CROPREDY FESTIVAL 2013 – Live Review (Part 1)
aaamusic | On 19, Aug 2013
The 33rd Cropredy Festival, Oxfordshire
Every August, since the 1970s, the friendly and attractive village of Cropredy, near Banbury in Oxfordshire, has welcomed music-lovers of folk-rock to Fairport’s Cropredy Convention. Organised by Fairport Convention itself, it includes children and grandchildren of festival-goers who’ve been returning to this relaxed atmosphere for years.
The legendary Fairport Convention, celebrated for inventing the British acoustic folk-rock genre, opened the festival. They were formed during 1967’s ‘summer of love.’ They’re winners of the prestigious ‘BBC Radio 2 Lifetime Achievement Award’ and their classic Liege and Lief was voted ‘the most influential folk rock album of all time’ by Radio 2 listeners. Their intimate ‘John Barleycorn’ probably reminded folk historians of versions dating back to the sixteenth century, whilst the lighter ‘Walk Awhile’ was vibrant and inventive.
The late Jake Thackray was a fine poet and musician who loved the English language. He created very individual songs which were amusing, satirical, sharp, scornful and witty. He was marvellously ‘un-PC’ in his 1960s and 1970s heyday. Talented guitarist and vocalist John Watterson affectionately performs and celebrates these much missed songs everywhere and audiences continue to be delighted. He’s rude, misogynistic, blasphemous, subversive and offensive. ‘Our Dog’ was hilarious whilst the outrageous ‘Sister Josephine’ was a curious tale about a transvestite nun.
Melodic British rock band Romeo’s Daughter is fronted by Leigh Matty, a singer with beautiful looks who continues to sing powerful songs . She was recently voted Number 5 ‘lady rock singer of all time’ in Classic Rock Magazine. Together with Craig Joiner (guitarist, producer and songwriter), Ed Poole (bass and co producer) and Andy Wells (drums), their songs have been covered by Heart, Eddie Money, Bonnie Tyler and Steps. The catchy and tight ‘Heaven in the Backseat’ was once opener for the film Nightmare on Elm Street 5, whilst foot tapping ‘Bittersweet’ had some great riffs and a typically fine chorus.
Eighties English band Edward II plays an innovative fusion of folk, ska, world music and Jamaican reggae.
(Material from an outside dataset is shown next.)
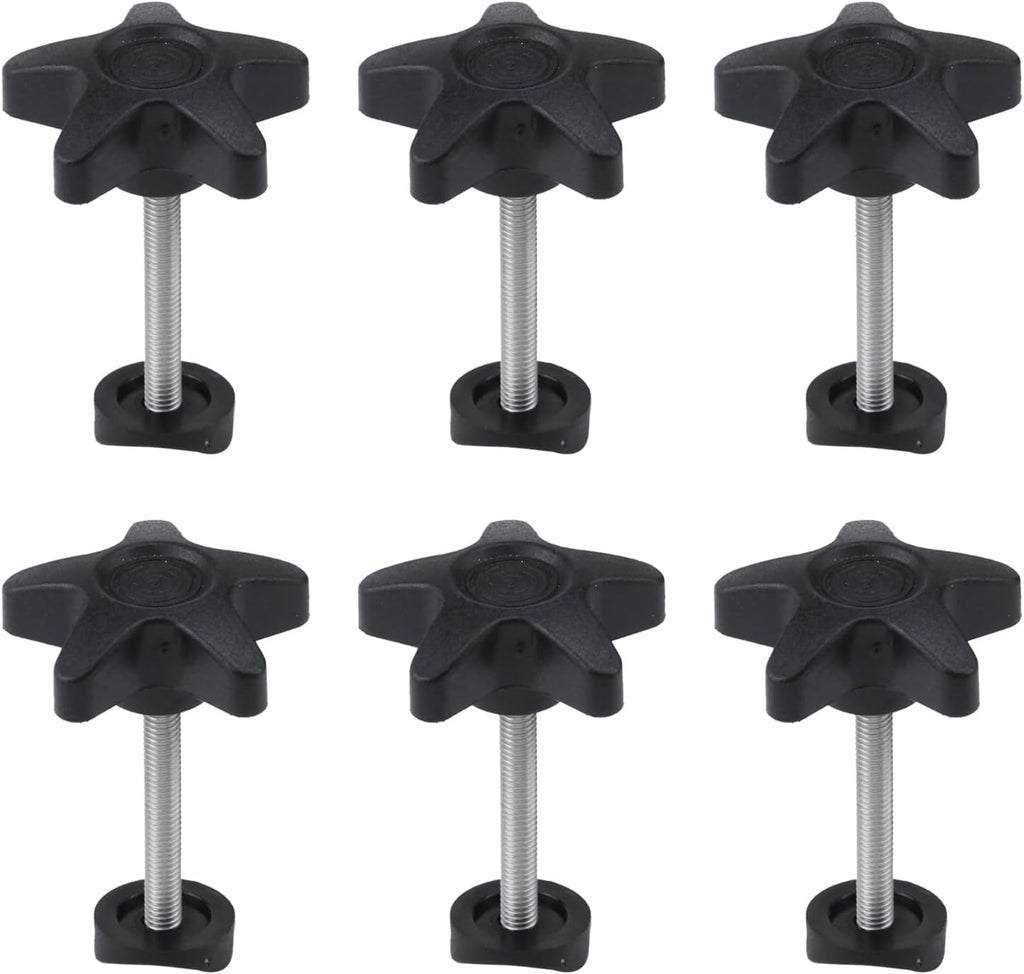 Crapyt 6 PCS Adjustment Bolts Drive Walker Replacement Parts 1.81"×0.79" Black Replacement Parts for Walkers Star Knobs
Their sunny Caribbean dance rhythms are blended with traditional English country dance tunes and touches of jazz, soul, rap, and Celtic. It’s a multi-ethnic band where the best moments tend to be the more-culturally blended songs. ‘Dashin’ Away’ was fresh and funky and their invigorating version of ‘Night Nurse’ by Gregory Isaacs was fun and exciting. They observed from the stage that they’d never before seen ‘mosh pit morris dancing.’ Neither had I!
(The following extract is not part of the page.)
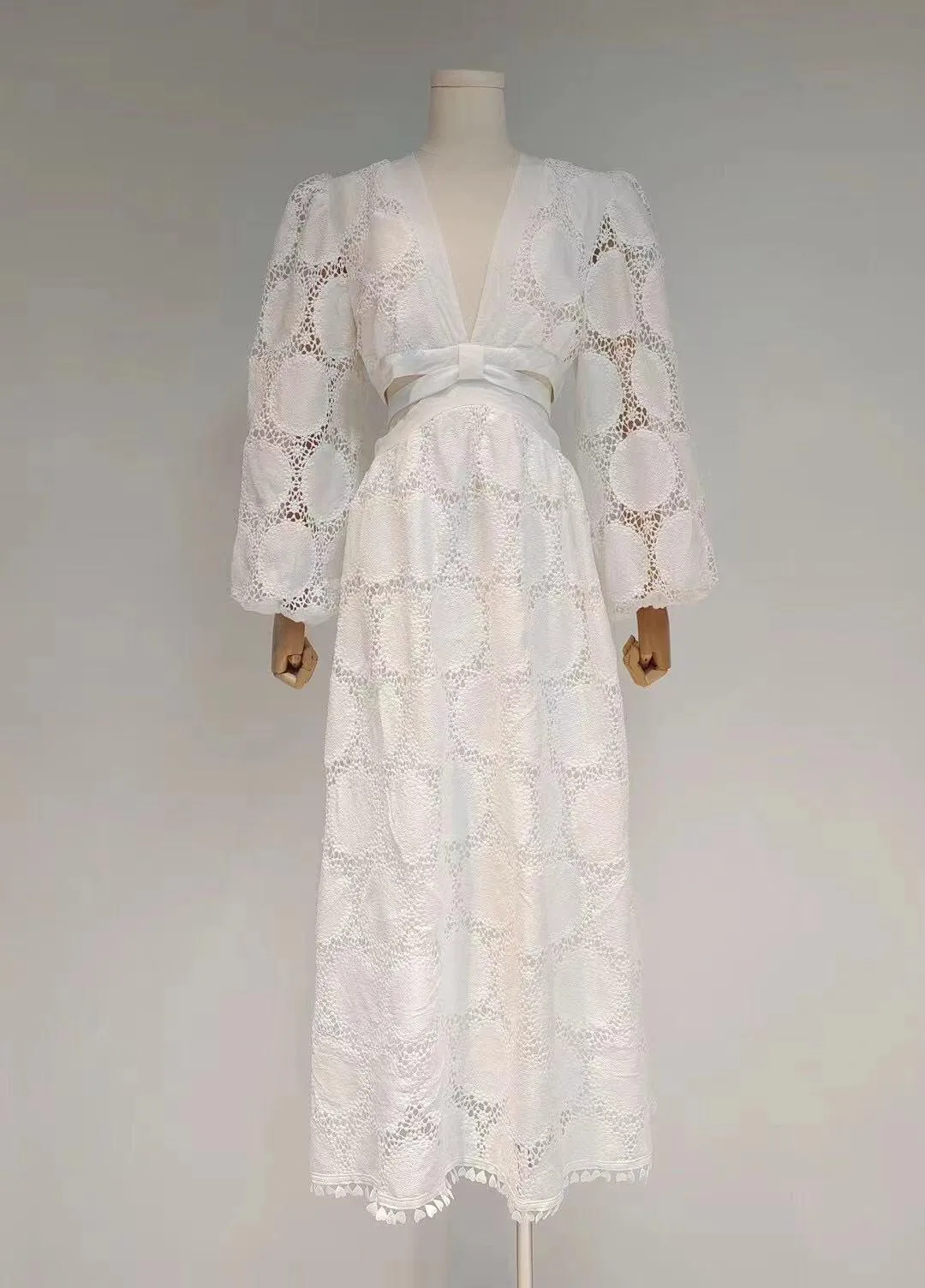 KittenAlarm - Seanna Lace Cotton Embroidered Cut Out Dress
Gory American rock singer, songwriter, and musician Alice Cooper is an iconic part of music culture history. He’s ‘the godfather of shock rock’, inspired by horror movies, vaudeville, garage and heavy metal and has had a six decade career with his theatrical stage show. His music has odd changes of time signatures and jazzy influences. On stage at Cropredy he had a scary guillotine, a menacing electric chair from which a devilish Frankenstein monster emerged, sinister fake blood and a ferocious boa constrictor that hung round his neck. This was a grand visual performance designed to delight, thrill and impress. It was also good to hear enduring classics like ‘No More Mr. Nice Guy’ and ‘School’s Out’ together with covers like ‘Break On Through’ by The Doors and ‘Foxy Lady’ by Jimi Hendrix. ‘Be afraid Cropredy!’ the audience was warned just before the last performance, but it’s unlikely campers returned to their tents worried they would stumble across a headless Alice Cooper.
Opening Cropredy’s second day were winners of this year’s BBC Radio 2 Young Folk Award, the duo Greg Russell and Ciaran Algar. Last year they released their debut album The Queen’s Lover and they performed pieces from traditional collections, contemporary writers and also self-written songs. Ciaran (fiddle, bouzouki, guitar, vocals) was a member of Celtic music band TRI and became an All-Ireland and All-Britain fiddle champion. Greg (vocals, guitar, bouzouki, English concertina) began as a solo artist supporting acts such as Lau, Karine Polwart and Kerfuffle. He has a clear, soulful and natural voice and their collective enthusiasm and talent creates an exciting performance. The fine and energetic ‘Davy’ was great to listen to.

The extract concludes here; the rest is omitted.